- WHAT THE TASK REQUIRES
Output the run of lines that opens with the first line of the material below and closes with the line containing "Put on false", both included, and drop the pictures.

(DATA SEGMENT)

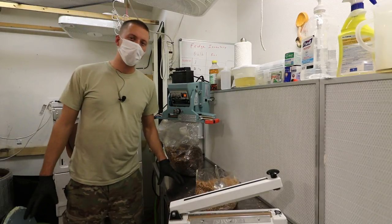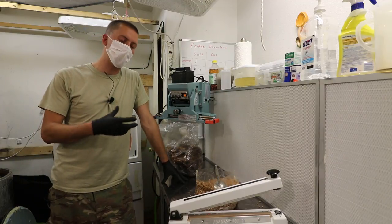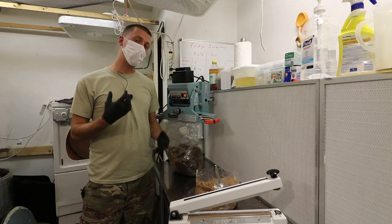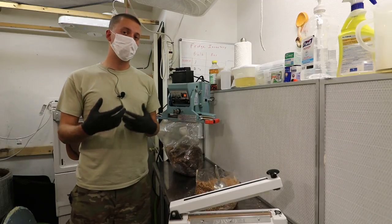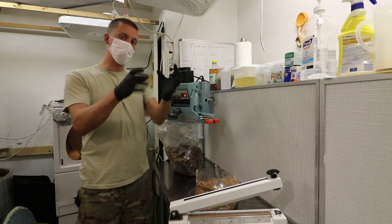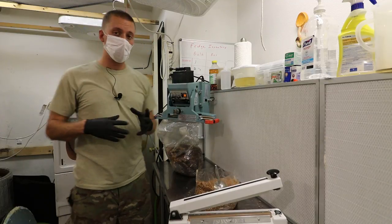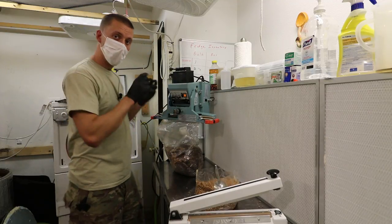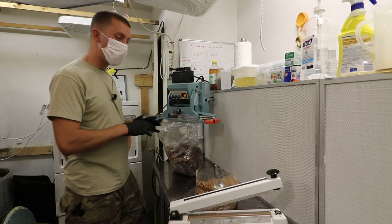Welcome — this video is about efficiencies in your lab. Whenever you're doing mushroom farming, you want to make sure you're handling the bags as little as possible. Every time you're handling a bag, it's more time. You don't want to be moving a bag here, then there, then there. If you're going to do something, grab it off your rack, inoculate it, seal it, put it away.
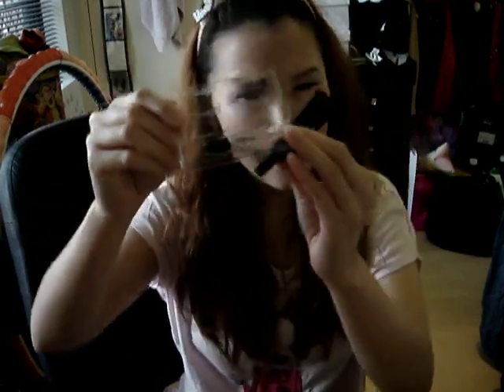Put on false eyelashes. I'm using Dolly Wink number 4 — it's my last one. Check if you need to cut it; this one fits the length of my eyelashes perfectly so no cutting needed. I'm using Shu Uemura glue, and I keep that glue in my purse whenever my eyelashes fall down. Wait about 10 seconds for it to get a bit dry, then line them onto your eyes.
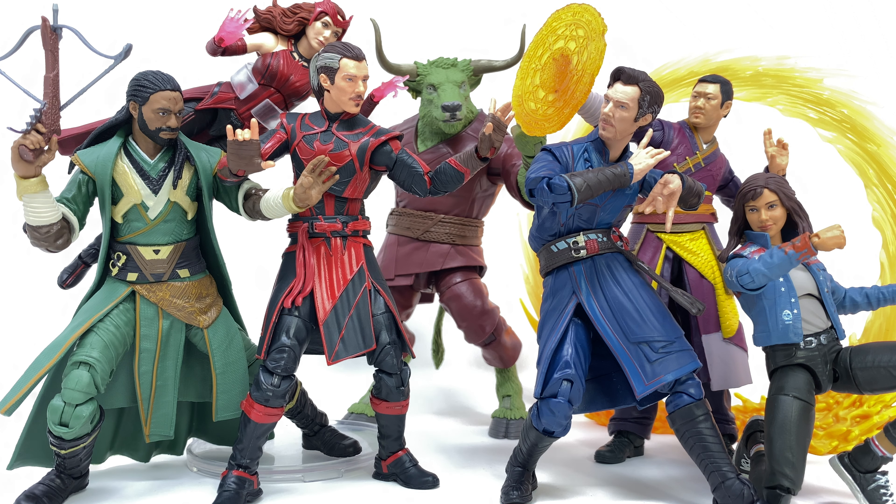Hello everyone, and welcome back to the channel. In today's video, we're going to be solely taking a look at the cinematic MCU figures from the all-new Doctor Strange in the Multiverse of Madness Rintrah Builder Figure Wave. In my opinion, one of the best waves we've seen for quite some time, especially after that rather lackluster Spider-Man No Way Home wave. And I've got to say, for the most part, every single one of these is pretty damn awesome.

(End DATA SEGMENT)

- RESULT OF THIS EXERCISE
Welcome — this video is about efficiencies in your lab. Whenever you're doing mushroom farming, you want to make sure you're handling the bags as little as possible. Every time you're handling a bag, it's more time. You don't want to be moving a bag here, then there, then there. If you're going to do something, grab it off your rack, inoculate it, seal it, put it away.
Put on false eyelashes. I'm using Dolly Wink number 4 — it's my last one. Check if you need to cut it; this one fits the length of my eyelashes perfectly so no cutting needed. I'm using Shu Uemura glue, and I keep that glue in my purse whenever my eyelashes fall down. Wait about 10 seconds for it to get a bit dry, then line them onto your eyes.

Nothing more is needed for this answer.